The highest-profile commentators of Silicon Valley, well on their way to Trumpian radicalization , already had their pet narrative about out-of-control crime in liberal San Fran ready for the national press . “Can we please stand up and completely purge SF politics now and start over?” tweeted venture capitalist Bradford Cross. “Something isn't working in our gray city,” added the founder of MobileCoin, the cryptocurrency startup where Lee had been working until his death. Elon Musk jumped in , as did his investor friends on The All-In Podcast , where co-host David Sacks (now a White House advisor ) claimed he “ would bet dollars to dimes ” that Lee's death would be like a case from Los Angeles where “a young woman was basically stabbed for no reason by a psychotic homeless person.”

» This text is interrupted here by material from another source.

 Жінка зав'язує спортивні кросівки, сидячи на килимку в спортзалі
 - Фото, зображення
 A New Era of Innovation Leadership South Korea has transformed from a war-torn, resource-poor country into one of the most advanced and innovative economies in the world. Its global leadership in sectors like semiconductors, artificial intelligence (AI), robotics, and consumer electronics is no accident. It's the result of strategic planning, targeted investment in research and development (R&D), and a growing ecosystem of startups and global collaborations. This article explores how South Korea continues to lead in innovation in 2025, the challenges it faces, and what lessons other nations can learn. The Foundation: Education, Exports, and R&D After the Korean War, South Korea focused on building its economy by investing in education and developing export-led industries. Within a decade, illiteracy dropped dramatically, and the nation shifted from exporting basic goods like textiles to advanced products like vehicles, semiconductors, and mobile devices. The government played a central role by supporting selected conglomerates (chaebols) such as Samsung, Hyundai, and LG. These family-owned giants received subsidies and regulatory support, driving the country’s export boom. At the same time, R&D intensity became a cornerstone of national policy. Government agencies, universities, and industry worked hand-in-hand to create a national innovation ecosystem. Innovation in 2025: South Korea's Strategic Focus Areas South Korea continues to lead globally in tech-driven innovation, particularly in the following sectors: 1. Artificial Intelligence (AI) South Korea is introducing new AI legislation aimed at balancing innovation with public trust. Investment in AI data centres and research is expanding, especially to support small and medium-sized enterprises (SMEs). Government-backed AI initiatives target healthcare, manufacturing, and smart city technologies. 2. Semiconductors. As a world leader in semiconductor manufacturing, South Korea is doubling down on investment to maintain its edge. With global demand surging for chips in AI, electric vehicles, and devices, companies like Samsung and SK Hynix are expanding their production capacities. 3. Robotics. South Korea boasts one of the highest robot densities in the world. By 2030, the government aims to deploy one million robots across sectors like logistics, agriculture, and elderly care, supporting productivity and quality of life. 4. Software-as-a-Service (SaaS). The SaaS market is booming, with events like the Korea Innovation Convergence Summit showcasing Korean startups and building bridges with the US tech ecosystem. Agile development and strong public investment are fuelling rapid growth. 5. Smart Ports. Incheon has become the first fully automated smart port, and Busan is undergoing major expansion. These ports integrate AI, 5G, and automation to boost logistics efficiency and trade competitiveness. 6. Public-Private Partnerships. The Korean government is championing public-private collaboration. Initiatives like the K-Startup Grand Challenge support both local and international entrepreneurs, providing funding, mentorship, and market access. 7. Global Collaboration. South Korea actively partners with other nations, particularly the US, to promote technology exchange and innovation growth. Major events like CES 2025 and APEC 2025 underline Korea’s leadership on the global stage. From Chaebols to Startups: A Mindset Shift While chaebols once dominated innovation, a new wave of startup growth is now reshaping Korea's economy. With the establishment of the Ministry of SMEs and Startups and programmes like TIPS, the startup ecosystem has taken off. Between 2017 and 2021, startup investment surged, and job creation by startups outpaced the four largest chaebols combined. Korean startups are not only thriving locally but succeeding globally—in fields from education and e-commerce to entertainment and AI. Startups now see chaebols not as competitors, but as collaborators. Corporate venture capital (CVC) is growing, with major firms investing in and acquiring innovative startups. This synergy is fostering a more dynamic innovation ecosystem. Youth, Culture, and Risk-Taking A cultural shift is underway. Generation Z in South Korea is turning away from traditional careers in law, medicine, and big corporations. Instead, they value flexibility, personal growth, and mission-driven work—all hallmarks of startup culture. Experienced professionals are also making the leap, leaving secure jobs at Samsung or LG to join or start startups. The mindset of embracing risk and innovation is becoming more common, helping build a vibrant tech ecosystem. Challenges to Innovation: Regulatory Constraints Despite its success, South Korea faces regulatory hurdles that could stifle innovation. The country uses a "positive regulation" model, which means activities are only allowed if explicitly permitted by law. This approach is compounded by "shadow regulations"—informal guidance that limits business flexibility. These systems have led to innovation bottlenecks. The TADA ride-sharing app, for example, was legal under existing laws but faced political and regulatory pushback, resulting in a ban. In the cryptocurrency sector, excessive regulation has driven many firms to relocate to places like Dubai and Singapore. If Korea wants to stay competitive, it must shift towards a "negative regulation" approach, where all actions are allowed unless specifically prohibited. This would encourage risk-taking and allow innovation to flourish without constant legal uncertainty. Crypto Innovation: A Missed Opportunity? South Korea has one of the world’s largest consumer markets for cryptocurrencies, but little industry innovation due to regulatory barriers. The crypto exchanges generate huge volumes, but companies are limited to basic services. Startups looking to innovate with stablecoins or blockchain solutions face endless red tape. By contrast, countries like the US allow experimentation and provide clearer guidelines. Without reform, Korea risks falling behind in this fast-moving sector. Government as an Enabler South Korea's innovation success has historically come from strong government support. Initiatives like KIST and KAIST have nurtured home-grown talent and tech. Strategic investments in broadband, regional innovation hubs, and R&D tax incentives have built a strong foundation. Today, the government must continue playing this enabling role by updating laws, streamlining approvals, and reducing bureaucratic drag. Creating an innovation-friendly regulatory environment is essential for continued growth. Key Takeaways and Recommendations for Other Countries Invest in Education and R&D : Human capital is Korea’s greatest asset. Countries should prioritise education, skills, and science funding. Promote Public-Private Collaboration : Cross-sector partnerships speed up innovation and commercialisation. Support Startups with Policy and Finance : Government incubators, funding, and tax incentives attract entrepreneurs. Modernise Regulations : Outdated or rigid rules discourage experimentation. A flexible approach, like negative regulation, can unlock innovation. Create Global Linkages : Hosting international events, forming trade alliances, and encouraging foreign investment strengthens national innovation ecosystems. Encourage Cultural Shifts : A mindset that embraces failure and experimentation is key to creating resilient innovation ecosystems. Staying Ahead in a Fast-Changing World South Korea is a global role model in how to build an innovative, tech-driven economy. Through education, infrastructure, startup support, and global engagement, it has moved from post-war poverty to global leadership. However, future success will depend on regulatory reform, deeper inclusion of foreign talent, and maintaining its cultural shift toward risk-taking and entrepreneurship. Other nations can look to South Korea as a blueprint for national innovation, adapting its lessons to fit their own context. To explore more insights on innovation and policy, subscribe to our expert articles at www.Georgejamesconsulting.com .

Then the facts emerged: It turned out that Lee had been stabbed during a late-night argument with fellow techie Nima Momeni, whose sister had been friendly with Lee and had hung out with him that fateful night. By the time the trial got going in earnest, however, the commentariat had moved on—outside of an early-2024 Law & Order: SVU episode loosely based on the case—while Lee's family and friends bore the fallout from this tragedy. Last December, Momeni was found guilty of second-degree murder after a jury trial in San Francisco's Hall of Justice; he plans to appeal the verdict, having hired new lawyers to back up his self-defense claim. Lee's family has also lodged a civil suit against Momeni and his relatives.

Another San Franciscan who's been following the Bob Lee story throughout: Scott Alan Lucas , a local journalist and former San Francisco magazine editor who reported from Momeni's trial and spoke with many of the people in Lee's life for a new book, Last Night in San Francisco: Tech's Lost Promise and the Murder of Bob Lee . It's an empathetic piece of reportage that offers a fuller portrait of Lee's life and death while providing a thoughtful examination of San Francisco, urban crime, and Silicon Valley ideals. Basically, the type of nuanced, contextual insight you wouldn't get from the people who weaponized Lee's death for their own grievances. I spoke with Lucas over the phone about the impetus for this book, the narratives around Lee's death, and what's changed in San Francisco in the two and a half years since. Our conversation has been edited and condensed for clarity.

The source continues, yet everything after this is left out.